Autores: Javier Acuña Barrios, Carlos Elles, Breydes Espitia, Ervin Martínez, Rubén Carrasquilla, Ramiro Alcalá, Aldemar Manjarrez Revista Hispanoamericana de Hernia 2016;4:87-96

Artículos originales

Resumen / Abstract

Introducción: En los últimos años han cobrado relevancia las hernioplastias por vía laparoscópica. El propósito de este trabajo fue mostrar la experiencia inicial en su tratamiento. Métodos y materiales: Se llevó a cabo un estudio descriptivo prospectivo de los pacientes tratados mediante hernioplastias inguinales por vía laparoscópica en la Clínica Gestión Salud IPS de la ciudad de Cartagena, entre junio de 2010 y mayo de 2014. Resultados: Se practicaron un total de 412 hernioplastias en 324 pacientes. El promedio del puntaje en la Escala Visual Análoga (EVA) a los 7 días de la cirugía fue de 5.8 (2-9), y a los 30 días del posoperatorio fue en promedio de 2 (0-8). El mayor dolor posoperatorio, requerimiento de analgesia y retorno a la actividad habitual se relacionaron con el número de grapas espiroideas empleadas, ocurrencia de complicaciones, mayor índice de masa corporal, antecedente de recidiva, sexo masculino y minoría de edad de los pacientes. El porcentaje de recidiva de la presente serie fue de 1.5 %, con un promedio de seguimiento de 26 meses (14-61).
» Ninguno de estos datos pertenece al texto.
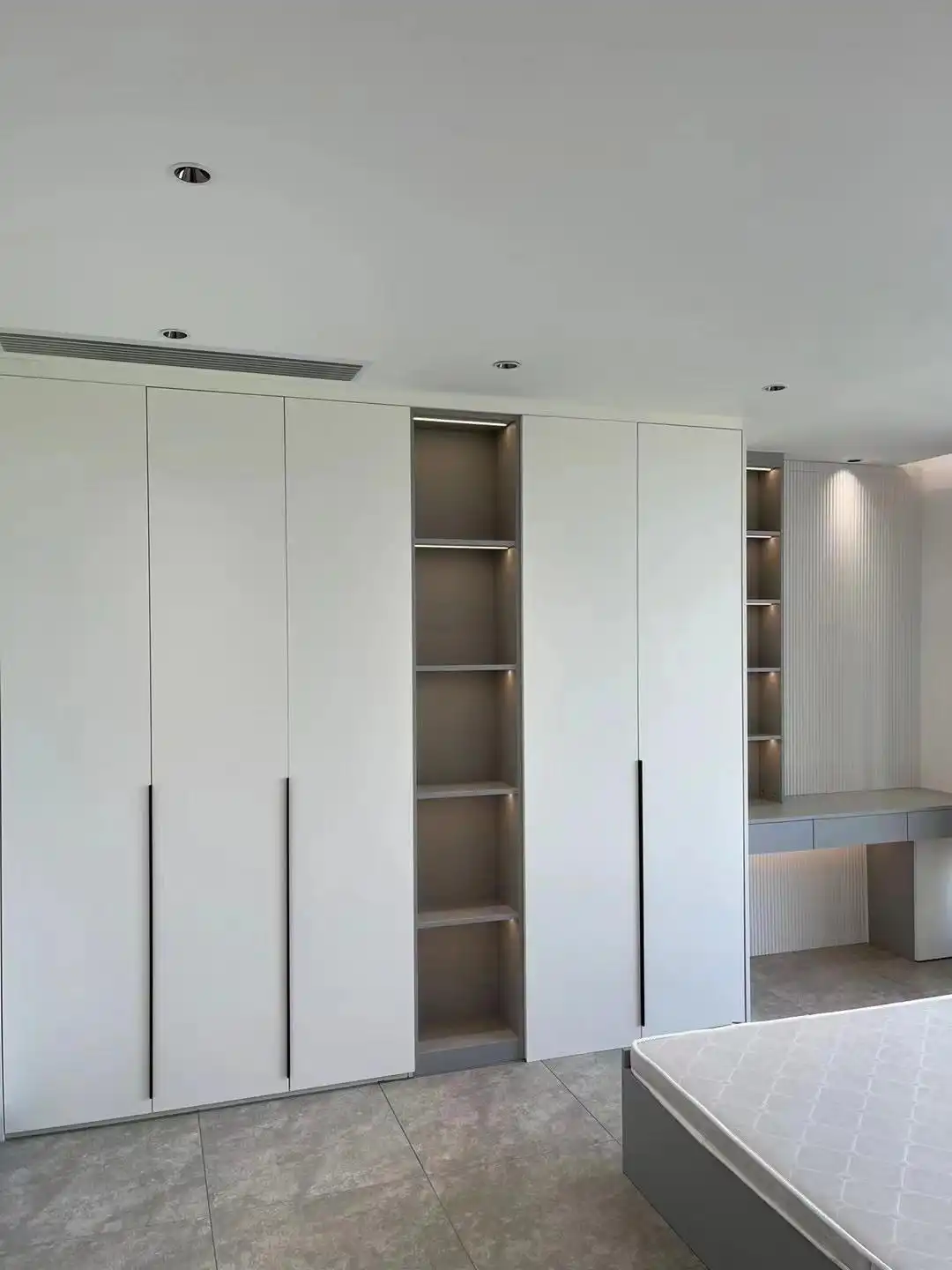 Modern master bedroom design with white wardrobe, LED-lit open shelves, and built-in desk area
Conclusiones: Las hernioplastias inguinales por vía laparoscópica presentan una curva de aprendizaje corta en cirujanos experimentados, con bajas tasas de morbilidad y recidivas, pero que no desaparecen nunca (ni después de alcanzar los 100 casos). La posibilidad de una lesión visceral siempre está presente, sobre todo, con el abordaje TAPP. El dolor posoperatorio, la necesidad de analgesia y la reincorporación a la actividad habitual se relacionan con la intensidad de la fijación (número de grapas espiroideas).